==== PROVIDED MATERIAL ====

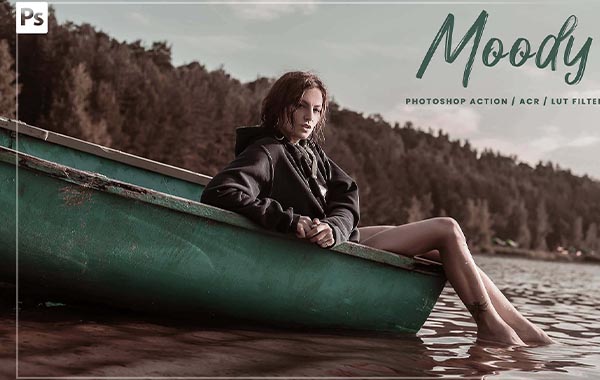 10 Moody Ps Action, ACR, LUT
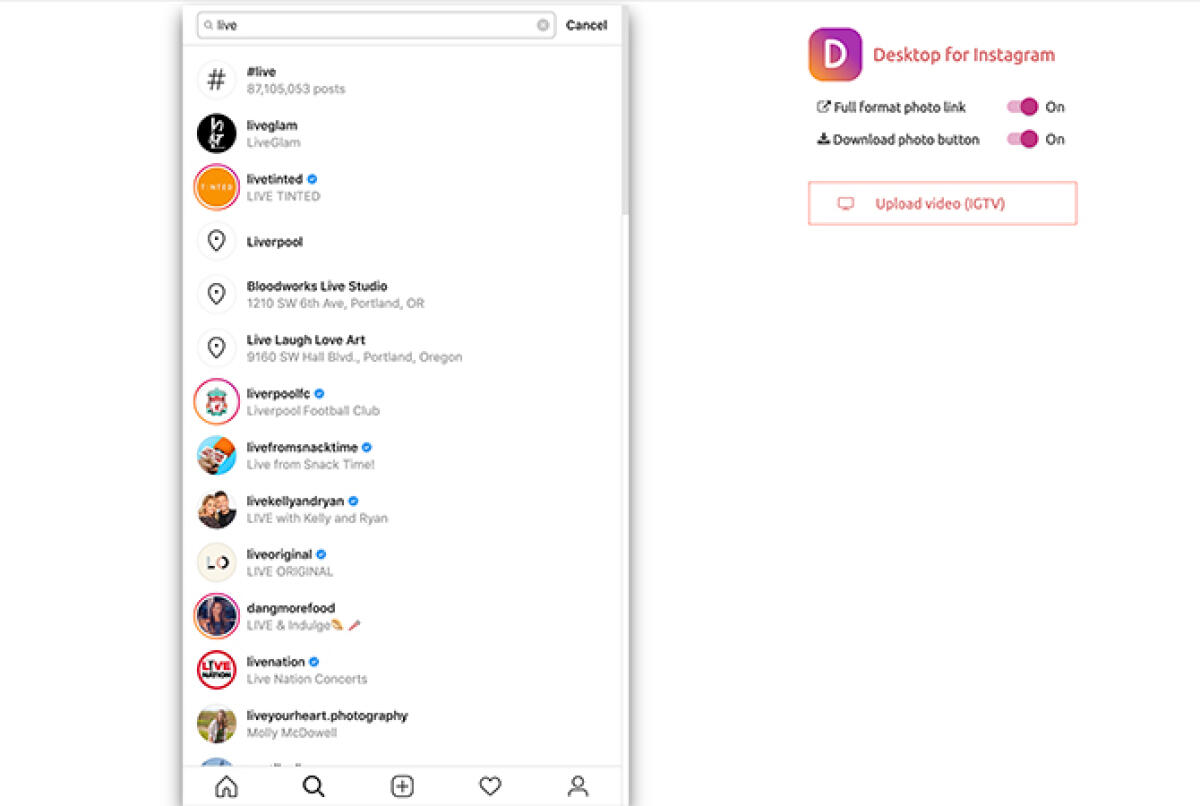 Vedere dirette Instagram da PC e Mac: COME FARE? - 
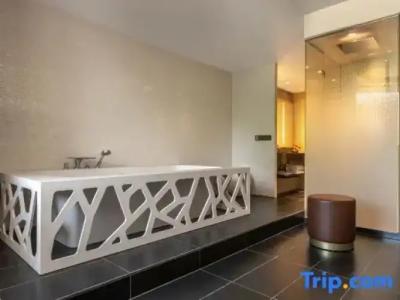 Sofitel Luxembourg le Grand Ducal - 92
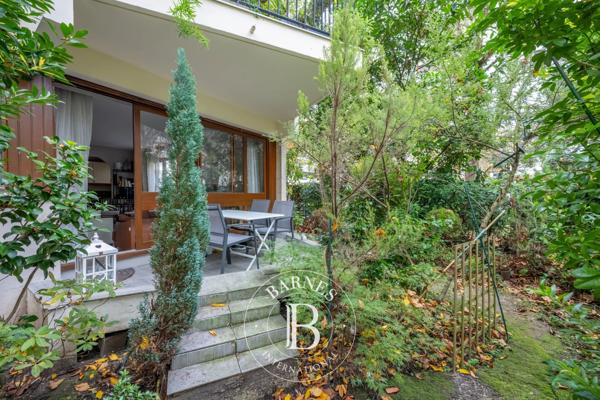 Le Chesnay, Appartement 1 Chambre -  54 m² à vendre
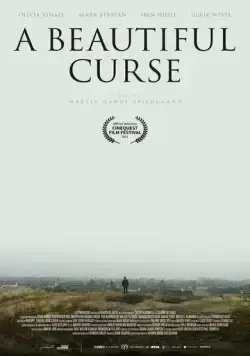 Постер: Красивое проклятие / A Beautiful Curse (2021)
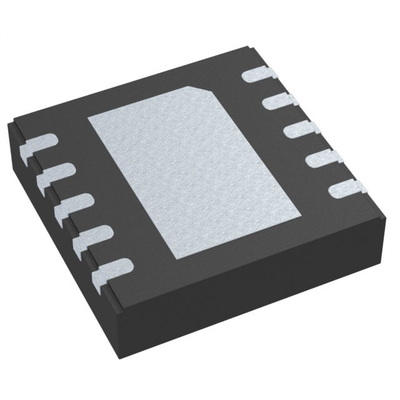 Integrierter Schaltkreislauf-Chip NCV51513ABMNTWG Automotive 130V Hoch- und Niedrigspitzdreiber DFN10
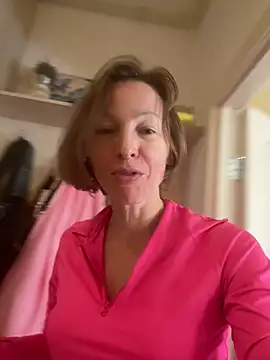 XXX chat uživo modela angelicfenix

====

Restate word for word every line from the one with "Vedere dirette Instagram" up to and including the one with "Постер: Красивое проклятие" in the records above, minus the pictures.

 Vedere dirette Instagram da PC e Mac: COME FARE? - 
 Sofitel Luxembourg le Grand Ducal - 92
 Le Chesnay, Appartement 1 Chambre -  54 m² à vendre
 Постер: Красивое проклятие / A Beautiful Curse (2021)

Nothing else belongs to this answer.